Electrochemical nitrate-to-ammonia conversion over a broad concentration range via a hollow Co3O4/CuO catalyst

Abstract

Widespread nitrate contamination in water challenges both aquatic ecosystems and drinking water safety, and the electrocatalytic nitrate reduction to ammonia (eNRA) presents a promising sustainable way to convert pollutants to value-added products. However, most existing eNRA systems operate efficiently only under highly alkaline and concentrated conditions that are incompatible with real wastewater. Herein, we report a hollow heterostructured Co₃O₄/CuO catalyst that permits efficient eNRA in neutral aqueous media over a wide range of environmentally relevant nitrate concentrations (1–250 mM). The catalyst achieves NH₃ faradaic efficiencies above 97% in the 10–250 mM nitrate range and maintains a faradaic efficiency of 86% even at 1 mM nitrate.

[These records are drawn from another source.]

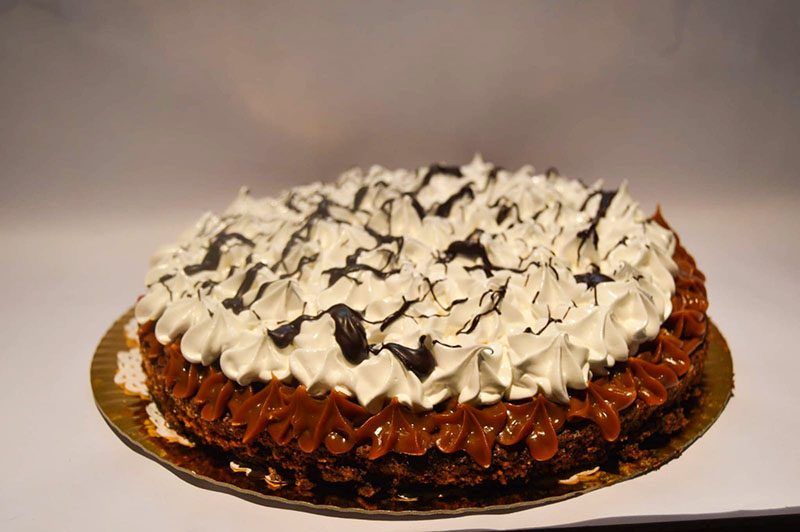 torta brownie con dulce de leche y crema encima, decorada con hilos de chocolate.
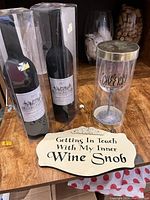 Lot items arranged on wooden surface including two decorative boxed wine bottle-shaped decanters, two bottle-shaped black wine accessory cases containing wine tools, a clear wine glass in plastic holder, and decorative wine sign.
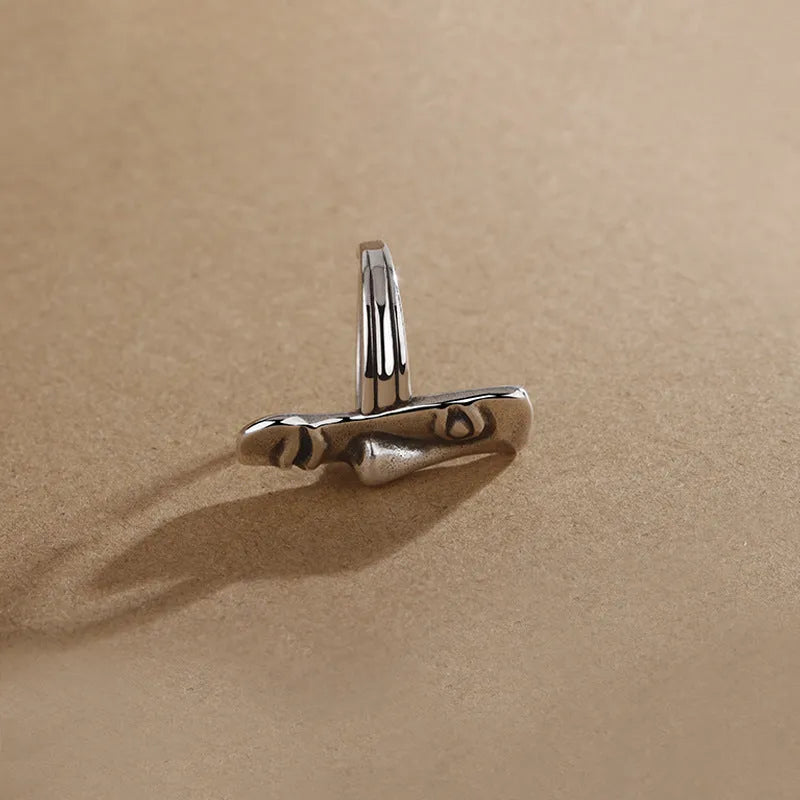 Copper retro half face mask ring with electroplated finish and adjustable opening on a neutral background.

Furthermore, the catalyst exhibited excellent stability over 100 hours of continuous operation. In situ Fourier transform infrared spectroscopy analysis suggests that the hollow architecture creates a spatially confined microenvironment that accelerates the hydrogenation of NO_x intermediates toward NH₃, and density functional theory calculations indicate the ensemble effect of Co₃O₄ and CuO in reducing the free-energy changes of key nitrate reduction steps. This work highlights a structural engineering strategy in electrocatalysts for efficient nitrate remediation and wastewater treatment.